■ **TASK OBJECTIVE**: Copy out, exactly, the first line of the entries below and every line after it through the one containing "table design bois billes".
━━ SOURCE INFORMATION
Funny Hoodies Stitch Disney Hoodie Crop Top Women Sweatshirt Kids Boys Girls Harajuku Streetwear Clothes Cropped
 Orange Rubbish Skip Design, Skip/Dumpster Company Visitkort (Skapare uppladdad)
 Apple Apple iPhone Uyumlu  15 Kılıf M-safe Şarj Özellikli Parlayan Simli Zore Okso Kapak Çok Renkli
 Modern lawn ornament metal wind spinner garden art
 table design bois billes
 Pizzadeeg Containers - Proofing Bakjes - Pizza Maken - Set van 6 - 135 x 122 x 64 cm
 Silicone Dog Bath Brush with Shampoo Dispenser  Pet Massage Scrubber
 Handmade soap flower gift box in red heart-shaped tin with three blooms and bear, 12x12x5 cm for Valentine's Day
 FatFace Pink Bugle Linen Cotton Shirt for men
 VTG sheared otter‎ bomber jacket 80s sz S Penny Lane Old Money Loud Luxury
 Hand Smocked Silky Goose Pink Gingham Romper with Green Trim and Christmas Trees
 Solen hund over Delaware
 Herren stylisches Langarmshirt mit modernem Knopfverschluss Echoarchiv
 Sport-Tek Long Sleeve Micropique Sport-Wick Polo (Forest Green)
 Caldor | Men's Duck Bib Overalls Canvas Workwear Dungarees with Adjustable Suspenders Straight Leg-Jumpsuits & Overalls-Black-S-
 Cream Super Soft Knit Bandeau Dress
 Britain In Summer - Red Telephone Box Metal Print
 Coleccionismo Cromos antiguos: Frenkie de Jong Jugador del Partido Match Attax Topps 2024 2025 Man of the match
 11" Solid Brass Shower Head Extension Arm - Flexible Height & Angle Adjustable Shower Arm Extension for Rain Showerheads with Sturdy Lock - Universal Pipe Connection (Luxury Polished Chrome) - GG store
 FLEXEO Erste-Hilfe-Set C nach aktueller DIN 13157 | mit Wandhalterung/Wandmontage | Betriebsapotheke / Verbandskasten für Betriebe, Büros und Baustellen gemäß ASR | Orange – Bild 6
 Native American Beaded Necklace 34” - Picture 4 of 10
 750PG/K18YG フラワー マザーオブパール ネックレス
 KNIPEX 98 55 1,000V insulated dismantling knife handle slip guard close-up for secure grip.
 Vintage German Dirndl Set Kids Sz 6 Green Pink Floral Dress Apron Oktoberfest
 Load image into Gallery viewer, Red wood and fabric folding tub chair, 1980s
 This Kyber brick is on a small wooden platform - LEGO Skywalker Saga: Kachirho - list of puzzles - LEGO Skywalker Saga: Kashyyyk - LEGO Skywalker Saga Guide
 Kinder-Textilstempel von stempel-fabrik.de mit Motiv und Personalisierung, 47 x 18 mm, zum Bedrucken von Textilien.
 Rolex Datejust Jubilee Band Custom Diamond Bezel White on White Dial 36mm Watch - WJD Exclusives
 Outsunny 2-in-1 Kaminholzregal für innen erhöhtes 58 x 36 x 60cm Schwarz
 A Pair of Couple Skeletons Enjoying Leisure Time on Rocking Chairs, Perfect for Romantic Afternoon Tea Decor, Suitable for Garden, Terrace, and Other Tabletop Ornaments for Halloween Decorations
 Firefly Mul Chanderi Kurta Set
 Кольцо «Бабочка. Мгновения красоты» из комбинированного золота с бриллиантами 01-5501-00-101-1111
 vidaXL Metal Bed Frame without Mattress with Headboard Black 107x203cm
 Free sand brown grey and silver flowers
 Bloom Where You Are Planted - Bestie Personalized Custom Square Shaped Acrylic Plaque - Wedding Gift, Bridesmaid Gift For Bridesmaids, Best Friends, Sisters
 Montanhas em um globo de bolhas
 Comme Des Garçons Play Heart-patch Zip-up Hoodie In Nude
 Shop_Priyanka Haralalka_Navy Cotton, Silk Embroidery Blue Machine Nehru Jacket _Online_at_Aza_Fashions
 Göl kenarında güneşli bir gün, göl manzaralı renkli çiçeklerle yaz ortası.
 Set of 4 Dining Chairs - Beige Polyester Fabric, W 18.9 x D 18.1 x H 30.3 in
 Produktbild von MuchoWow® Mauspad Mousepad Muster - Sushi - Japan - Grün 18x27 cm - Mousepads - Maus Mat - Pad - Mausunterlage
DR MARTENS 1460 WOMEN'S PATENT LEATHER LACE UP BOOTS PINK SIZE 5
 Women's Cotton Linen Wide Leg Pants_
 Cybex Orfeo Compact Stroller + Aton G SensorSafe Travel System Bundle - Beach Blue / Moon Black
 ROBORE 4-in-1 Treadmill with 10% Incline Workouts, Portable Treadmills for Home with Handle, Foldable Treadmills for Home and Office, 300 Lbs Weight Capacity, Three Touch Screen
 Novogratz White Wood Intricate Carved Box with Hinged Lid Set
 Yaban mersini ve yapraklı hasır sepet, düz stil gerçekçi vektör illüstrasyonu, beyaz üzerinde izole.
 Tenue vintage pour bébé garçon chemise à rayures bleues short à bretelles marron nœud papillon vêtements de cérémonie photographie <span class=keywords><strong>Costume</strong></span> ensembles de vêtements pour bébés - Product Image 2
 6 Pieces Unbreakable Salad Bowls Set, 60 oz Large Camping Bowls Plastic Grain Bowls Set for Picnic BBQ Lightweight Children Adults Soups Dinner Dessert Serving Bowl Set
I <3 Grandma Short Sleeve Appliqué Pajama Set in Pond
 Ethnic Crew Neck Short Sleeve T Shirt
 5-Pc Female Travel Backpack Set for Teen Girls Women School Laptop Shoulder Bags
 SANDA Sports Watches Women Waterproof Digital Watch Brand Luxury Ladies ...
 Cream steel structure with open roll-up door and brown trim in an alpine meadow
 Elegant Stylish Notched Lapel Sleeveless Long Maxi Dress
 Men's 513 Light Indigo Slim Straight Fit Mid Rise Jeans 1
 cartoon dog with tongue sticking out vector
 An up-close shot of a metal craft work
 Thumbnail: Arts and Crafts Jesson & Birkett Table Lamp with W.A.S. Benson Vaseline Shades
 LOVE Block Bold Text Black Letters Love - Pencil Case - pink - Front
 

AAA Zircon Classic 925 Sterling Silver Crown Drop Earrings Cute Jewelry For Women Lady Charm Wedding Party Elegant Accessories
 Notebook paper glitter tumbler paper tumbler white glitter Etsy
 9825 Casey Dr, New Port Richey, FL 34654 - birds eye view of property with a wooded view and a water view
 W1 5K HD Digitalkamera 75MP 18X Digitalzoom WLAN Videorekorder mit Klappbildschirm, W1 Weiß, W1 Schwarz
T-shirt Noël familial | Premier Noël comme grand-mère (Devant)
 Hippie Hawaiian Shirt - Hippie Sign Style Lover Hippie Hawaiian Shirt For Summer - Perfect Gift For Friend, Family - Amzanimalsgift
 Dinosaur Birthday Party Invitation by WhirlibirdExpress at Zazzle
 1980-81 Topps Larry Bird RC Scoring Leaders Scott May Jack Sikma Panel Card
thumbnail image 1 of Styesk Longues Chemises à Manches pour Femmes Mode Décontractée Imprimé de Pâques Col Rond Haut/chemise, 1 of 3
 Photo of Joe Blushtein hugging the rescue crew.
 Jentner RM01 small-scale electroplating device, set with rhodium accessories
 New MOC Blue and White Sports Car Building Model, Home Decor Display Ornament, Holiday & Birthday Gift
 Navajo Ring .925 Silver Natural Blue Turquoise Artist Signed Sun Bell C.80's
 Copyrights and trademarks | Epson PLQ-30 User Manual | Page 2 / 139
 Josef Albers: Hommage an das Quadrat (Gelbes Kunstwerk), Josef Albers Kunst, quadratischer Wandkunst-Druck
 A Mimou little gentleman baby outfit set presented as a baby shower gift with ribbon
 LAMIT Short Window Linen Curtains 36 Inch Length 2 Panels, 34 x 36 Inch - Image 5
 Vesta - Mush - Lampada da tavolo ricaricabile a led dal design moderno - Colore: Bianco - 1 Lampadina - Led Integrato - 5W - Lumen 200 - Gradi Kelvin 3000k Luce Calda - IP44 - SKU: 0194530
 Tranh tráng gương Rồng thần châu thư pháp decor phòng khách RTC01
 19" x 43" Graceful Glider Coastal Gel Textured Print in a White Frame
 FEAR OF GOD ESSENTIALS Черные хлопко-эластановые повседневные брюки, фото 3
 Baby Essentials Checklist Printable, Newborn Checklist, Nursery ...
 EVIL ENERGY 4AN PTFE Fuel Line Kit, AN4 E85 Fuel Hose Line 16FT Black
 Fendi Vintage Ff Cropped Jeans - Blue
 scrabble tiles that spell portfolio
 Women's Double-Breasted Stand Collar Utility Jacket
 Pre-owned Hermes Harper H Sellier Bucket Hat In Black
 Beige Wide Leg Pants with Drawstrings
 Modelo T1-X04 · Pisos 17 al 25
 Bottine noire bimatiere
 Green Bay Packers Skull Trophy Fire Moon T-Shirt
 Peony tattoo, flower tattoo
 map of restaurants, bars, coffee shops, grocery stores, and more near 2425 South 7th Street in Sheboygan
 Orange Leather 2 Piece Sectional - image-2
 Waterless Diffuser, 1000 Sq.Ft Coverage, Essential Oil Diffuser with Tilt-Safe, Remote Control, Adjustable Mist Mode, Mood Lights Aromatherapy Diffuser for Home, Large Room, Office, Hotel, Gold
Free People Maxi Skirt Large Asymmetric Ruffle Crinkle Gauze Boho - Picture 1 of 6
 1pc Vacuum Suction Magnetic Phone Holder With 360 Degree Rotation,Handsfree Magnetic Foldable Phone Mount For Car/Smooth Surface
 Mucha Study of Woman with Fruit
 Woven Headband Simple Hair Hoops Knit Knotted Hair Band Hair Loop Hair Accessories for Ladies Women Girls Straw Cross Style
━━━━
■ **ANSWER FOR THE TASK**:
Funny Hoodies Stitch Disney Hoodie Crop Top Women Sweatshirt Kids Boys Girls Harajuku Streetwear Clothes Cropped
 Orange Rubbish Skip Design, Skip/Dumpster Company Visitkort (Skapare uppladdad)
 Apple Apple iPhone Uyumlu  15 Kılıf M-safe Şarj Özellikli Parlayan Simli Zore Okso Kapak Çok Renkli
 Modern lawn ornament metal wind spinner garden art
 table design bois billes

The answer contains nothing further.